Among the lines below, output only those between the line holding "İş tanıtımı Infographic" and the line holding "Suspension linéaire en", inclusive, exactly as written and with no pictures.
___ Source records ___
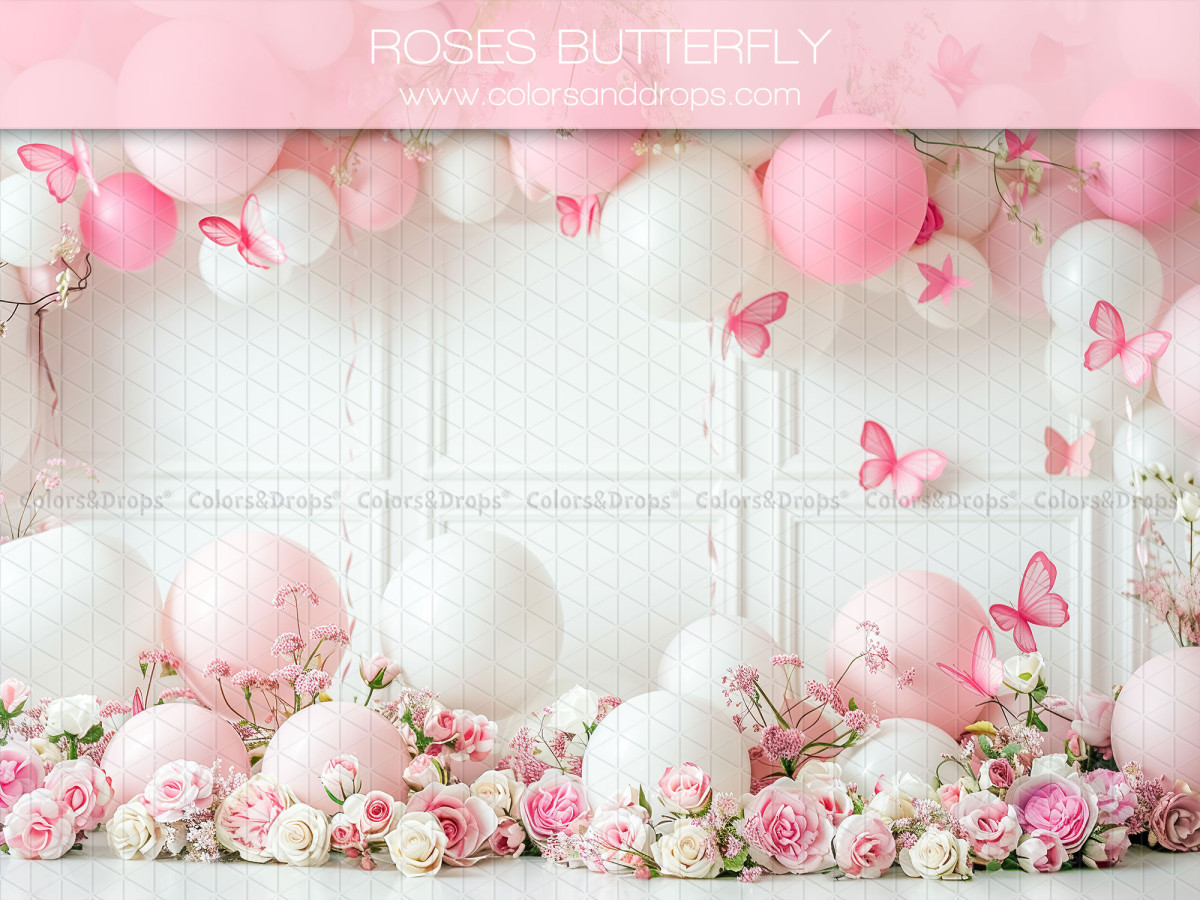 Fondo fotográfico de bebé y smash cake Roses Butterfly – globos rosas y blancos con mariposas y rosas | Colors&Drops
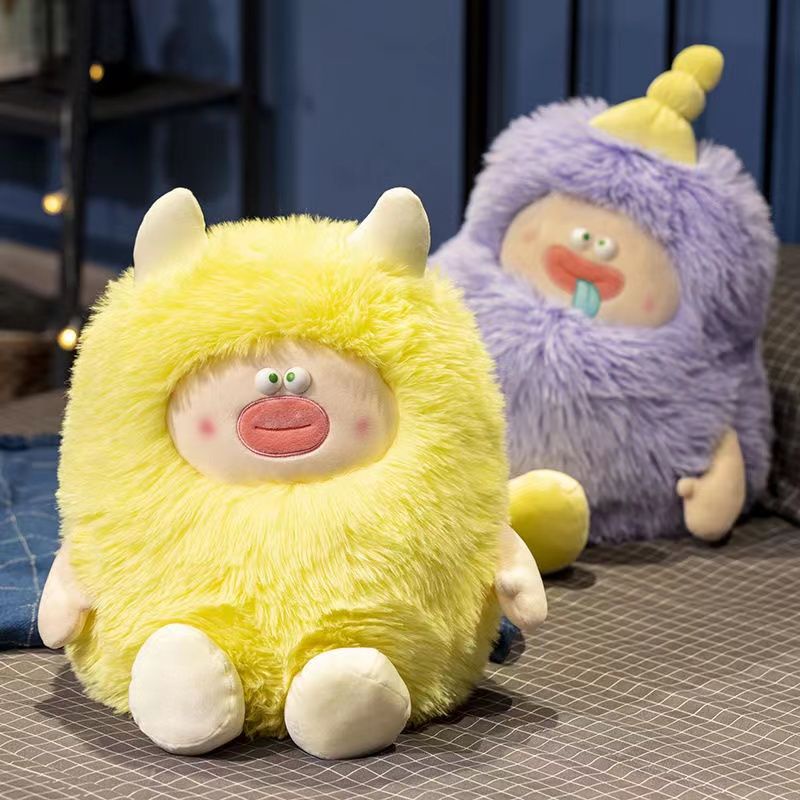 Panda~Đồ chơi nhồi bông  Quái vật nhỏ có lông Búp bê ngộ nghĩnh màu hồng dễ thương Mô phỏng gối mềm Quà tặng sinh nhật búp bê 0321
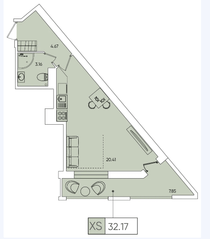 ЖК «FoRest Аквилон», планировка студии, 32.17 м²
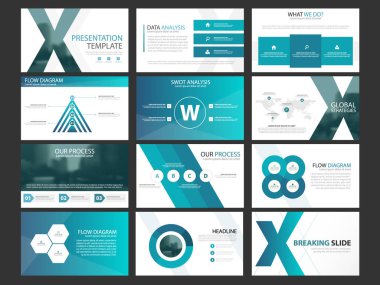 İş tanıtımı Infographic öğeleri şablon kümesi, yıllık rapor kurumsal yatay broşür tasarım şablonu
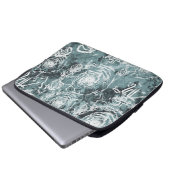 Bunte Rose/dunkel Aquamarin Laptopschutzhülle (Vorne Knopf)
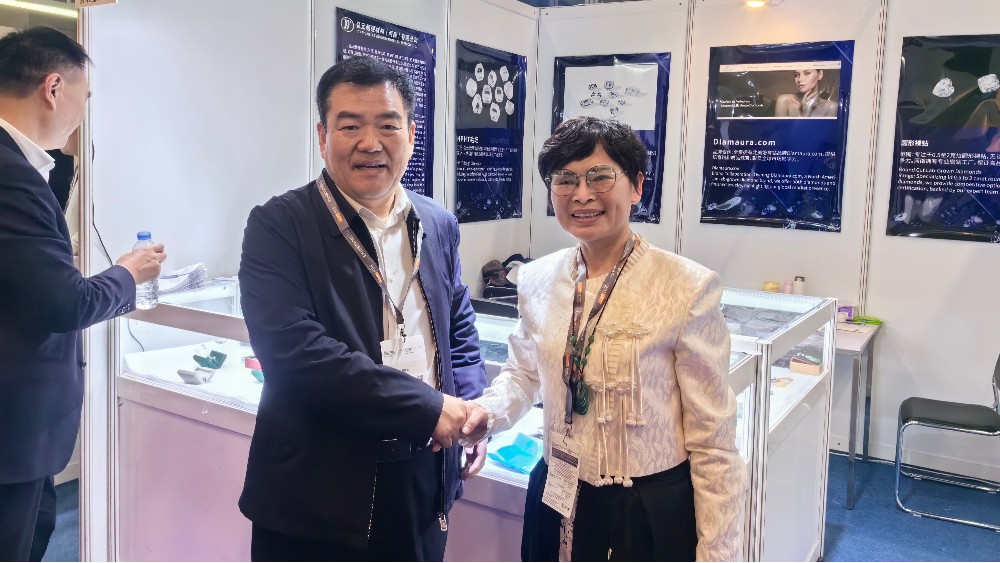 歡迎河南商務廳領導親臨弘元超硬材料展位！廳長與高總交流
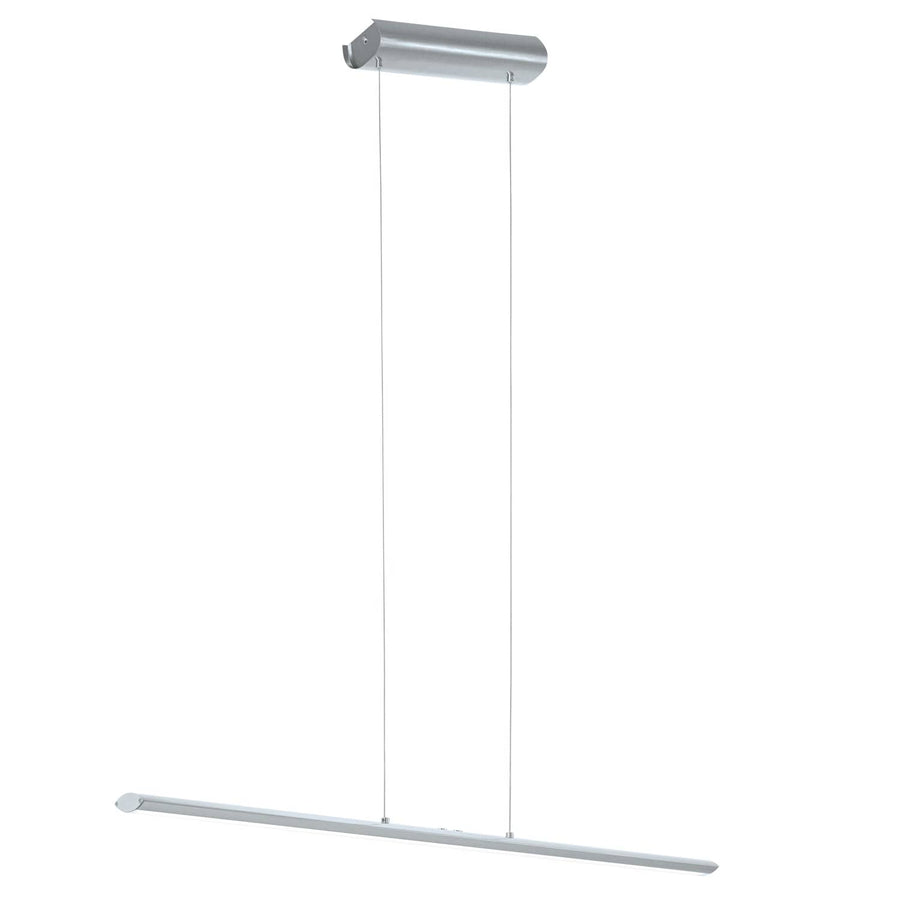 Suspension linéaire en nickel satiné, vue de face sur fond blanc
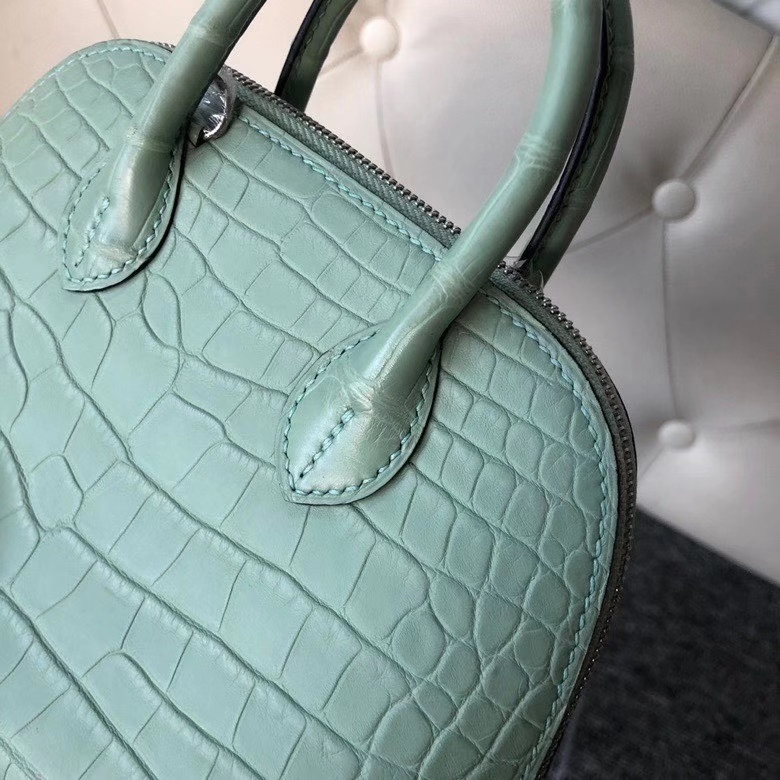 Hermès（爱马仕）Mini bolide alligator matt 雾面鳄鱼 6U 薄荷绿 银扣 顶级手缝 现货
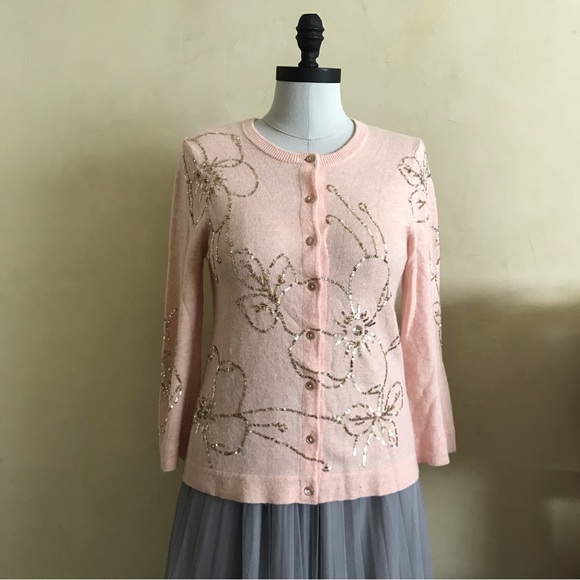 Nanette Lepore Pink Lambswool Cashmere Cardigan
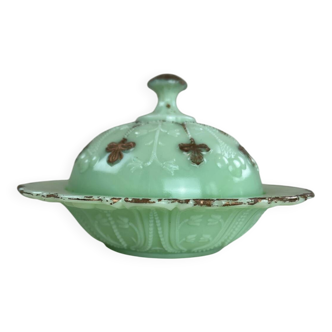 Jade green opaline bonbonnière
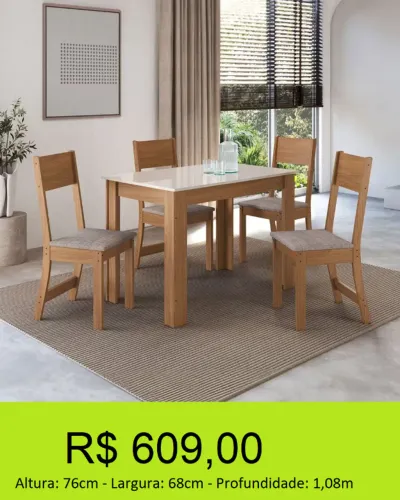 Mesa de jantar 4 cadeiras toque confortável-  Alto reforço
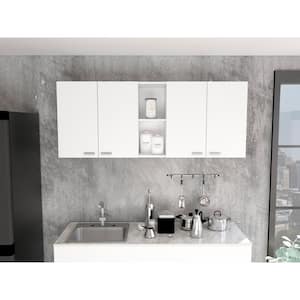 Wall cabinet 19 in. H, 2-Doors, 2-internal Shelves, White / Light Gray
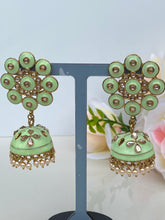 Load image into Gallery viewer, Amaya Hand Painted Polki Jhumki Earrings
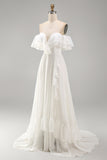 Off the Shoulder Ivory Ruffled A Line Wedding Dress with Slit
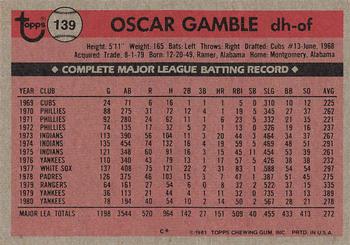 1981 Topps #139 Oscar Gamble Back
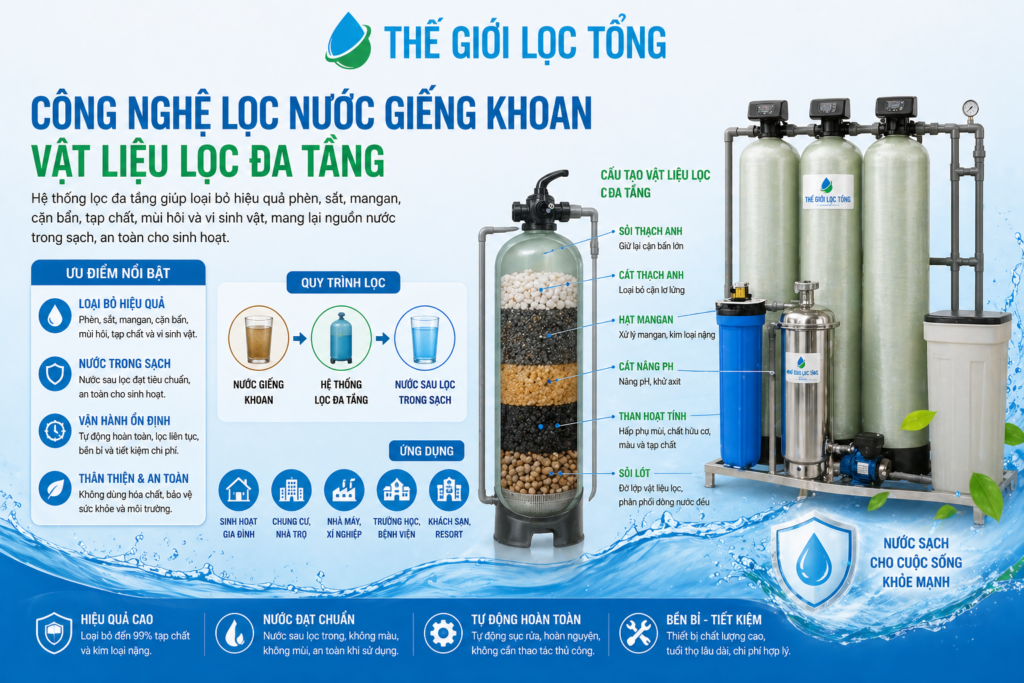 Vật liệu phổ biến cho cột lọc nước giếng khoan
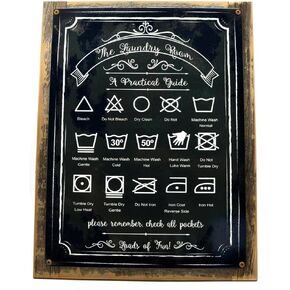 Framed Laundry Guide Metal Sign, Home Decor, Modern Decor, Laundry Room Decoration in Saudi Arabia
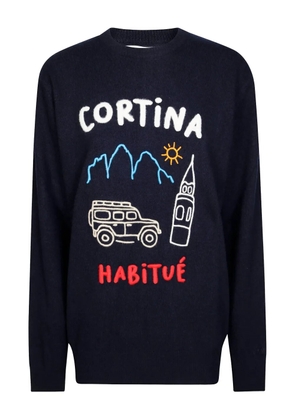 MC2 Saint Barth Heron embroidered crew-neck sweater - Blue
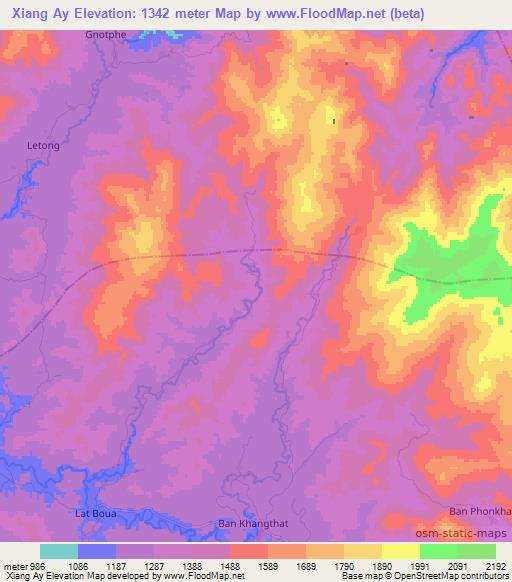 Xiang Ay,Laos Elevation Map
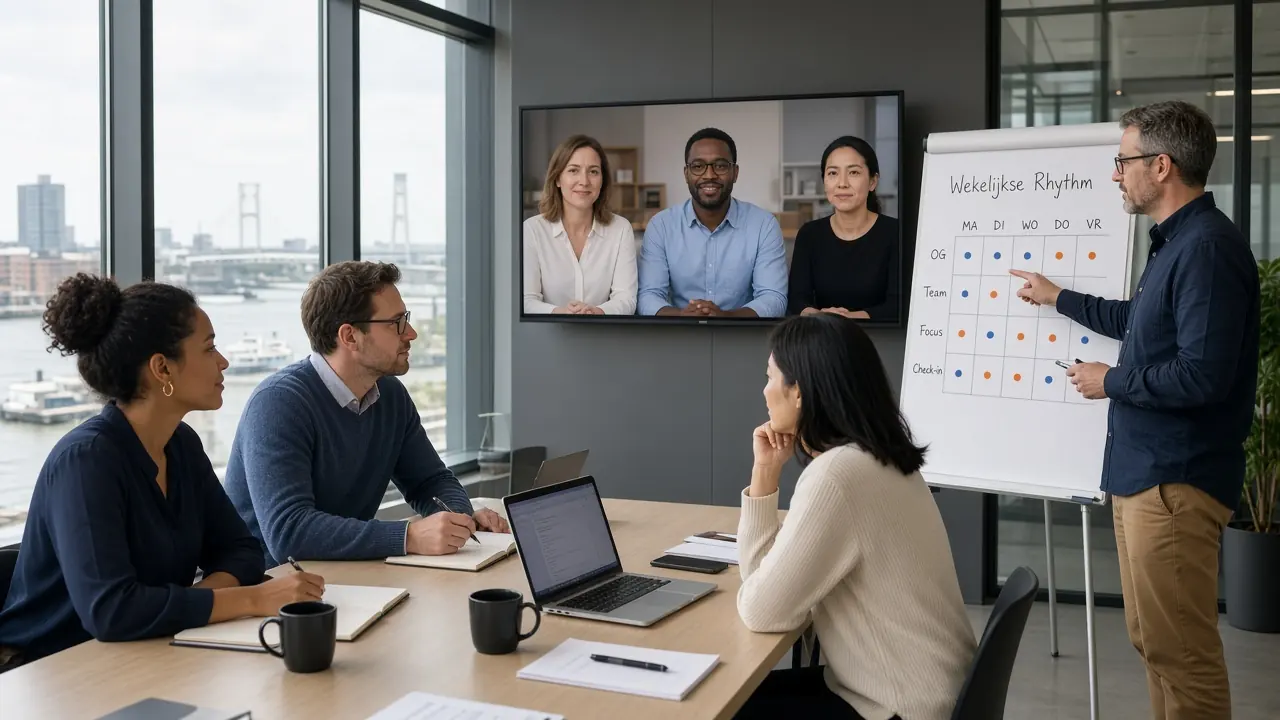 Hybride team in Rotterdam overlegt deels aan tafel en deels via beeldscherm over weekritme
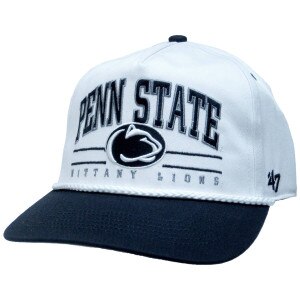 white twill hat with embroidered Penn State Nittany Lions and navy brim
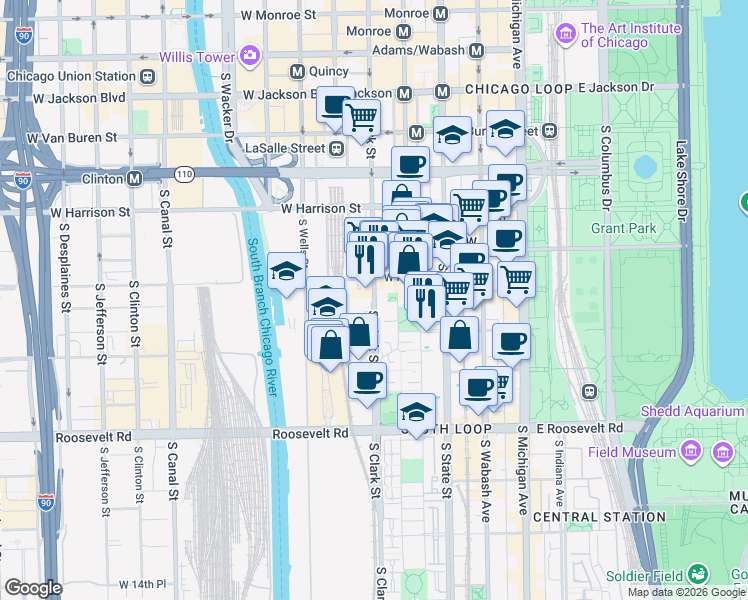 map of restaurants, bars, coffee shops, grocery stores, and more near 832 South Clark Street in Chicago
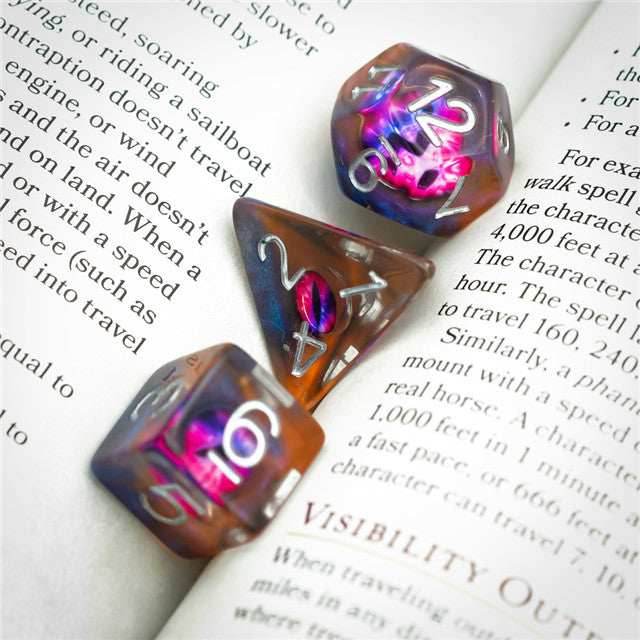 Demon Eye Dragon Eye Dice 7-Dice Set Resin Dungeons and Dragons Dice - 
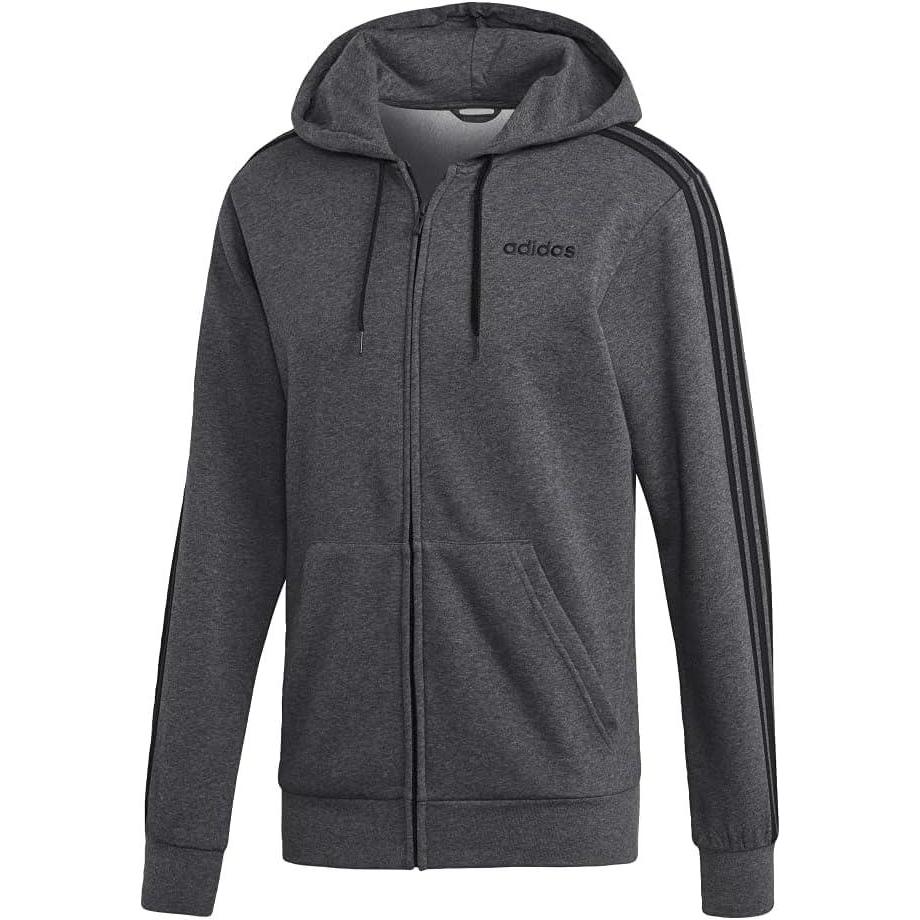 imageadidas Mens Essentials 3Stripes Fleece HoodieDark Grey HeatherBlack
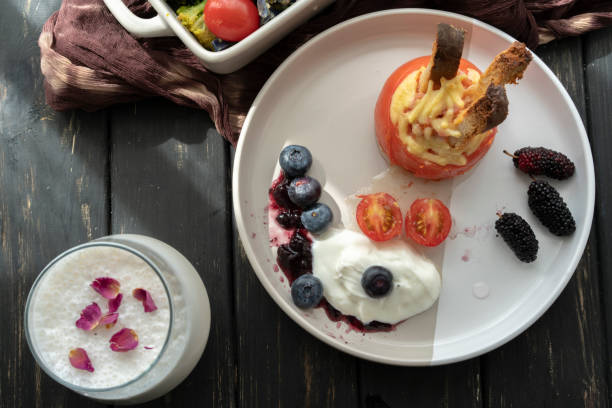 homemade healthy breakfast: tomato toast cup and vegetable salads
___
Result
 İş tanıtımı Infographic öğeleri şablon kümesi, yıllık rapor kurumsal yatay broşür tasarım şablonu
 Bunte Rose/dunkel Aquamarin Laptopschutzhülle (Vorne Knopf)
 歡迎河南商務廳領導親臨弘元超硬材料展位！廳長與高總交流
 Suspension linéaire en nickel satiné, vue de face sur fond blanc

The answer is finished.